Was the command line output really ever intended to be *that* verbose? I can 
see how it would be useful but considering how easy it is to interact with the 
web-ui I can't see why much effort should be put into enhancing it. Even if you 
didn't want to see all of the details the web-ui has to offer it doesn't take 
long to learn how to skim it and get 10x more accurate reading on your job 
progress.

Matt

-----Original Message-----
From: Arun C Murthy [mailto:a...@hortonworks.com] 
Sent: Sunday, September 18, 2011 11:27 PM
To: common-user@hadoop.apache.org
Subject: Re: phases of Hadoop Jobs

Agreed.

At least, I believe the new web-ui for MRv2 is (or will be soon) more verbose 
about this.

On Sep 18, 2011, at 9:23 PM, Kai Voigt wrote:

> Hi,
> 
> this 0-33-66-100% phases are really confusing to beginners.

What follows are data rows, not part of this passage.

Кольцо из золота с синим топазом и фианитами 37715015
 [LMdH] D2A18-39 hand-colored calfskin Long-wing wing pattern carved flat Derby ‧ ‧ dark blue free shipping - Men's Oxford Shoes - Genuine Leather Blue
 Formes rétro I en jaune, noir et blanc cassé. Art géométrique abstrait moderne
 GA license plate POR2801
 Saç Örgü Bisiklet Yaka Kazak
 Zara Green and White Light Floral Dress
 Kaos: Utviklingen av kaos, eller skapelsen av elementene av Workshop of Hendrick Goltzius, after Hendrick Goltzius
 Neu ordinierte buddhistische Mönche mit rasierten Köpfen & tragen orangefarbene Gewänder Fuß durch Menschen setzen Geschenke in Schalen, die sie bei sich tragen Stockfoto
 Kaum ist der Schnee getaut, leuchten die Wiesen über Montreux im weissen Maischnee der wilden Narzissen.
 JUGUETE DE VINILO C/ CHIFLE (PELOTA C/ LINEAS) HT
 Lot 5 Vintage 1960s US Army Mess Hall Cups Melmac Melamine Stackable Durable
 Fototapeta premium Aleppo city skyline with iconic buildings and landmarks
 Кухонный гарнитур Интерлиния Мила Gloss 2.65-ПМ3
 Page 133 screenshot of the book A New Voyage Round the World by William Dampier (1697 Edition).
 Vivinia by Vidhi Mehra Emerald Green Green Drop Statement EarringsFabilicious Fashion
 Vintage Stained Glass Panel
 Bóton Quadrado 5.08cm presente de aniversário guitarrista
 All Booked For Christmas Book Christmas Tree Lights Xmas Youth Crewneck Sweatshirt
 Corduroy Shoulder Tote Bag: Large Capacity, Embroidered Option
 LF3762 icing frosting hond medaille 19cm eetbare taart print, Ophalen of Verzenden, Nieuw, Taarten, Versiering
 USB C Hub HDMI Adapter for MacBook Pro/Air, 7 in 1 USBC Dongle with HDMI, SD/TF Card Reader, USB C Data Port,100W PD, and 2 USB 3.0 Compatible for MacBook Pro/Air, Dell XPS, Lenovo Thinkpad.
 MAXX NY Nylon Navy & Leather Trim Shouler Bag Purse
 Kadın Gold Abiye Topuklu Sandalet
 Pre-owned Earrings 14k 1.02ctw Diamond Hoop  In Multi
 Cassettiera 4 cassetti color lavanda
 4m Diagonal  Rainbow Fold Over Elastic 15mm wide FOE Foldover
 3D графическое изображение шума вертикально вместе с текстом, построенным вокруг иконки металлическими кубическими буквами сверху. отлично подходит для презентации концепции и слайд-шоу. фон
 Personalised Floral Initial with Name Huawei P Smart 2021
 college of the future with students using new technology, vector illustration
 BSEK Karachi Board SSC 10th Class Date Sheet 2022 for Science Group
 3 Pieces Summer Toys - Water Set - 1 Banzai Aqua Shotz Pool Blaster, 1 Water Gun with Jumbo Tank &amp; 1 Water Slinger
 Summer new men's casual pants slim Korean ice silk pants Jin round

We see that in 
> our training classes. The output should be more verbose, such as breaking 
> down the phases into seperate progress numbers.
> 
> Does that make sense?
> 
> Am 19.09.2011 um 06:17 schrieb Arun C Murthy:
> 
>> Nan,
>> 
>> The 'phase' is implicitly understood by the 'progress' (value) made by the 
>> map/reduce tasks (see o.a.h.mapred.TaskStatus.Phase).
>> 
>> For e.g. 
>> Reduce: 
>> 0-33% -> Shuffle
>> 34-66% -> Sort (actually, just 'merge', there is no sort in the reduce since 
>> all map-outputs are sorted)
>> 67-100% -> Reduce
>> 
>> With 0.23 onwards the Map has phases too:
>> 0-90% -> Map
>> 91-100% -> Final Sort/merge
>> 
>> Now,about starting reduces early - this is done to ensure shuffle can 
>> proceed for completed maps while rest of the maps run, there-by pipelining 
>> shuffle and map completion. There is a 'reduce slowstart' feature to control 
>> this - by default, reduces aren't started until 5% of maps are complete. 
>> Users can set this higher.
>> 
>> Arun
>> 
>> On Sep 18, 2011, at 7:24 PM, Nan Zhu wrote:
>> 
>>> Hi, all
>>> 
>>> recently, I was hit by a question, "how is a hadoop job divided into 2
>>> phases?",
>>> 
>>> In textbooks, we are told that the mapreduce jobs are divided into 2 phases,
>>> map and reduce, and for reduce, we further divided it into 3 stages,
>>> shuffle, sort, and reduce, but in hadoop codes, I never think about
>>> this question, I didn't see any variable members in JobInProgress class
>>> to indicate this information,
>>> 
>>> and according to my understanding on the source code of hadoop, the reduce
>>> tasks are unnecessarily started until all mappers are finished, in
>>> constract, we can see the reduce tasks are in shuffle stage while there are
>>> mappers which are still in running,
>>> So how can I indicate the phase which the job is belonging to?
>>> 
>>> Thanks
>>> -- 
>>> Nan Zhu
>>> School of Electronic, Information and Electrical Engineering,229
>>> Shanghai Jiao Tong University
>>> 800,Dongchuan Road,Shanghai,China
>>> E-Mail: zhunans...@gmail.com
>> 
>> 
> 
> -- 
> Kai Voigt
> k...@123.org
> 
> 
> 
> 

This e-mail message may contain privileged and/or confidential information, and 
is intended to be received only by persons entitled
to receive such information. If you have received this e-mail in error, please 
notify the sender immediately. Please delete it and
all attachments from any servers, hard drives or any other media. Other use of 
this e-mail by you is strictly prohibited.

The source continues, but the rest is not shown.